Nearly one million South Africans are employed as domestic workers in private homes across the country. It’s a viable and important career choice for many, but it’s important that prospective employers (and employees) understand their rights.
In 2022, Employment and Labour minister Thulas Nxesi is expected to update the minimum wage to 100% of the National Minimum Wage.
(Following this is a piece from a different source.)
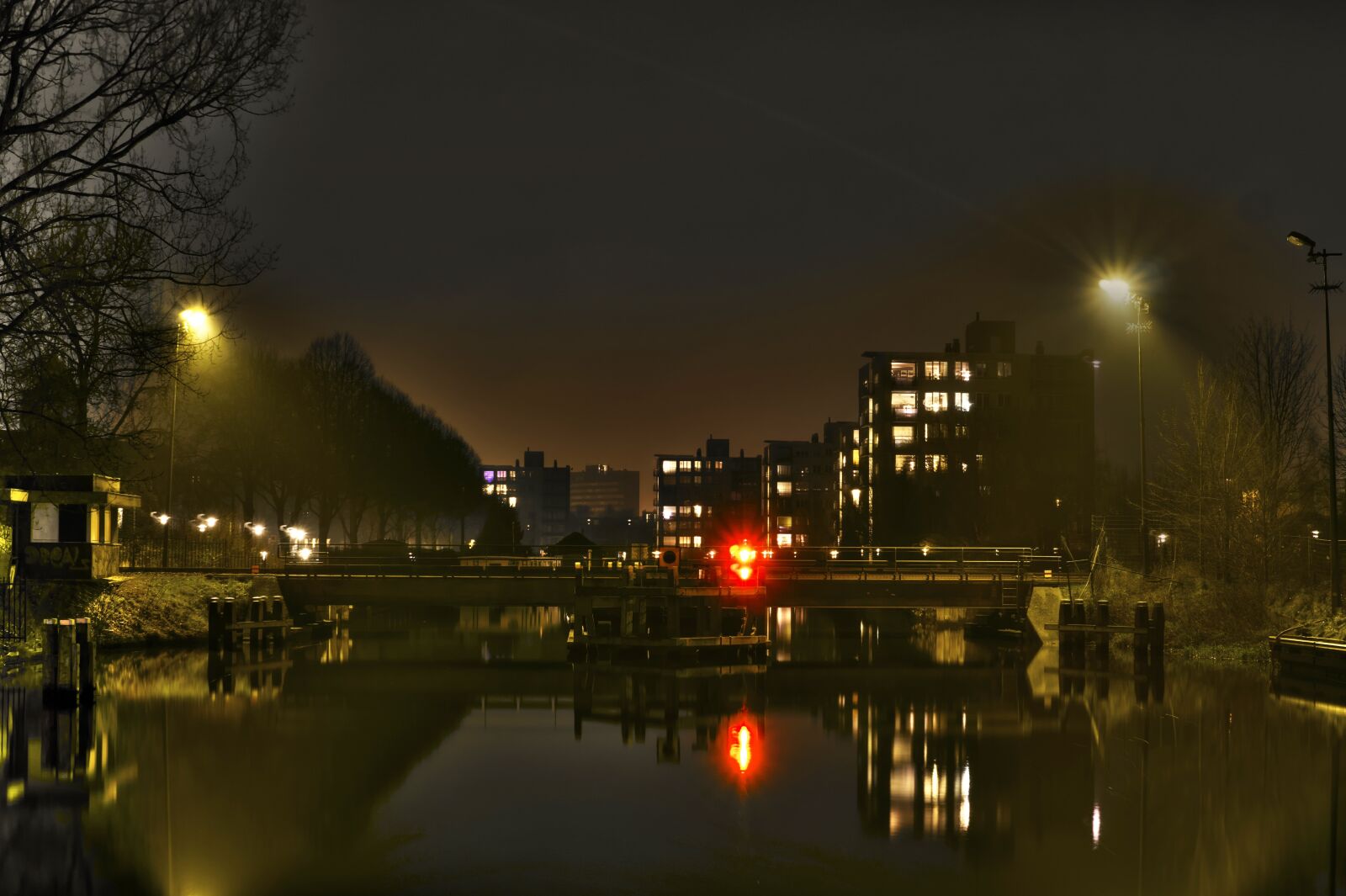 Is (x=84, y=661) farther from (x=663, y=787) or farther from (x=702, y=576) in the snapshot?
(x=702, y=576)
This would raise the salary of a domestic worker to R23 per hour, up from R19.09 in 2021 or R3700 per month (full day, weekday employment).
Additional protection will also be introduced, allowing domestic workers injured on duty to claim from the Compensation for Occupational Injuries and Diseases Act.
There are nearly 2 000 domestic cleaning positions currently listed on classifieds site Gumtree, according to Gumtree’s marketing manager Estelle Nagel, but the site still occasionally encounters job listings below the current minimum wage.
“It’s important for both parties to understand their rights. Unfortunately, some employers take advantage of the desperation of job seekers. Even if the applicant accepts the salary, you can still land in hot water, so don’t pay your staff less than their due.”
Some of the rights you should take note of:
- You must give notice of termination of employment in writing. One week’s notice in advance has to be given to employees that have worked for you for less than six months; after that four weeks’ notice is required. All monies owed including wages, pro rata leave, and other fees must be paid.
- If you terminate employment for a live-in domestic worker, you must also provide one month’s notice to for the worker to leave the supplied accommodation.
- Your domestic worker must be registered for UIF.
- Your domestic worker cannot work more than nine hours a day for a five-day work week or eight hours a day for a six-day work week, and cannot work more than 15 hours overtime per week.
- Workers are entitled to a one-hour break for a meal after five hours of continuous work.
- Your domestic worker is entitled to public holidays and must be paid double their normal rate if they choose to work on a public holiday. Full-time workers are entitled to 1 day of leave for every 17 days worked.
- You are not allowed to deduct any money from a domestic worker’s wages without written permission.
- You may deduct no more than 10% if accommodation is provided, if the accommodation provided meets certain standards.
Nagel says domestic workers applying for work at private residences must know their rights. “More than a quarter of a million domestic workers lost their jobs in the second quarter of 2020, and many lost valuable income during the lockdown. This can cause some job seekers to throw caution to the wind when it comes to applying for work, but it’s important to protect yourself and know what your rights are.”